[RECORDS FOR THIS TASK — start]

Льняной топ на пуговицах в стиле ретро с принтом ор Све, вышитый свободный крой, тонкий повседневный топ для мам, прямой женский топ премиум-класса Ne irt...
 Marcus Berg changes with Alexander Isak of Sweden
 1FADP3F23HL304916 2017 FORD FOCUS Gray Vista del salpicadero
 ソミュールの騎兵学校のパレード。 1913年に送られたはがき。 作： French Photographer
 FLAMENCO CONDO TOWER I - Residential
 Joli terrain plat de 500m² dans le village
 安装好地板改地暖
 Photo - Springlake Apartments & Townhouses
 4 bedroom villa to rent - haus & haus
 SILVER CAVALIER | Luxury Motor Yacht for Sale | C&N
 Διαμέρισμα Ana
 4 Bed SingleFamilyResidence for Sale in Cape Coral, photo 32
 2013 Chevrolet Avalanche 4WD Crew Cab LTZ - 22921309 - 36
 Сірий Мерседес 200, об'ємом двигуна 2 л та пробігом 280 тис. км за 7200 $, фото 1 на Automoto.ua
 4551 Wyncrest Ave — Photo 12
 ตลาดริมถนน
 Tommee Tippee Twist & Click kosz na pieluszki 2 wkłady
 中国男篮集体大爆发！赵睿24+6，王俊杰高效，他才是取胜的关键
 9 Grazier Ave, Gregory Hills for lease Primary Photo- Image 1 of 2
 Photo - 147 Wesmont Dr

[RECORDS FOR THIS TASK — finish]

▶ _DIRECTIONS_
Give back every line above, unchanged.

▶ _RESPONSE BOX_
Льняной топ на пуговицах в стиле ретро с принтом ор Све, вышитый свободный крой, тонкий повседневный топ для мам, прямой женский топ премиум-класса Ne irt...
 Marcus Berg changes with Alexander Isak of Sweden
 1FADP3F23HL304916 2017 FORD FOCUS Gray Vista del salpicadero
 ソミュールの騎兵学校のパレード。 1913年に送られたはがき。 作： French Photographer
 FLAMENCO CONDO TOWER I - Residential
 Joli terrain plat de 500m² dans le village
 安装好地板改地暖
 Photo - Springlake Apartments & Townhouses
 4 bedroom villa to rent - haus & haus
 SILVER CAVALIER | Luxury Motor Yacht for Sale | C&N
 Διαμέρισμα Ana
 4 Bed SingleFamilyResidence for Sale in Cape Coral, photo 32
 2013 Chevrolet Avalanche 4WD Crew Cab LTZ - 22921309 - 36
 Сірий Мерседес 200, об'ємом двигуна 2 л та пробігом 280 тис. км за 7200 $, фото 1 на Automoto.ua
 4551 Wyncrest Ave — Photo 12
 ตลาดริมถนน
 Tommee Tippee Twist & Click kosz na pieluszki 2 wkłady
 中国男篮集体大爆发！赵睿24+6，王俊杰高效，他才是取胜的关键
 9 Grazier Ave, Gregory Hills for lease Primary Photo- Image 1 of 2
 Photo - 147 Wesmont Dr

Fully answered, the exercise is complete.